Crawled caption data
------------------------------------------------------------------------
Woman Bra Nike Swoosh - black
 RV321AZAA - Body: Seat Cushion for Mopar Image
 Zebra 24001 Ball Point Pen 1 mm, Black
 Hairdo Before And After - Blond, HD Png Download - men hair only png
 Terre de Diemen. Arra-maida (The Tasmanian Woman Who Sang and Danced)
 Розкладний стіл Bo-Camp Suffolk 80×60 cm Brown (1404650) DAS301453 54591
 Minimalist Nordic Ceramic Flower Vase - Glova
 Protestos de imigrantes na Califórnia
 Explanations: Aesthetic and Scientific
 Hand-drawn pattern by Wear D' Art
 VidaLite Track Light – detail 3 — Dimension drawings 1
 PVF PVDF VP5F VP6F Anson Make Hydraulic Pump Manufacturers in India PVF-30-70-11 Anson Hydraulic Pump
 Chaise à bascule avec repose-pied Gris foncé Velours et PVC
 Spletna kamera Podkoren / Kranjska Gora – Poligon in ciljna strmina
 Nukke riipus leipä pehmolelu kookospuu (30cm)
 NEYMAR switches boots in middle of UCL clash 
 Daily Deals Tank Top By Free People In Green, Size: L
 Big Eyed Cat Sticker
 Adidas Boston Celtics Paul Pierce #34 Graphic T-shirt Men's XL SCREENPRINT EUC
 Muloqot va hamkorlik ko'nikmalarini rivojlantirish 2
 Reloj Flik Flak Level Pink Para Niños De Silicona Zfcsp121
------------------------------------------------------------------------
*ASSIGNED TASK*: Nothing in the records may be left out; reproduce them exactly.

*RESPONSE FOR THIS EXERCISE*:
Woman Bra Nike Swoosh - black
 RV321AZAA - Body: Seat Cushion for Mopar Image
 Zebra 24001 Ball Point Pen 1 mm, Black
 Hairdo Before And After - Blond, HD Png Download - men hair only png
 Terre de Diemen. Arra-maida (The Tasmanian Woman Who Sang and Danced)
 Розкладний стіл Bo-Camp Suffolk 80×60 cm Brown (1404650) DAS301453 54591
 Minimalist Nordic Ceramic Flower Vase - Glova
 Protestos de imigrantes na Califórnia
 Explanations: Aesthetic and Scientific
 Hand-drawn pattern by Wear D' Art
 VidaLite Track Light – detail 3 — Dimension drawings 1
 PVF PVDF VP5F VP6F Anson Make Hydraulic Pump Manufacturers in India PVF-30-70-11 Anson Hydraulic Pump
 Chaise à bascule avec repose-pied Gris foncé Velours et PVC
 Spletna kamera Podkoren / Kranjska Gora – Poligon in ciljna strmina
 Nukke riipus leipä pehmolelu kookospuu (30cm)
 NEYMAR switches boots in middle of UCL clash 
 Daily Deals Tank Top By Free People In Green, Size: L
 Big Eyed Cat Sticker
 Adidas Boston Celtics Paul Pierce #34 Graphic T-shirt Men's XL SCREENPRINT EUC
 Muloqot va hamkorlik ko'nikmalarini rivojlantirish 2
 Reloj Flik Flak Level Pink Para Niños De Silicona Zfcsp121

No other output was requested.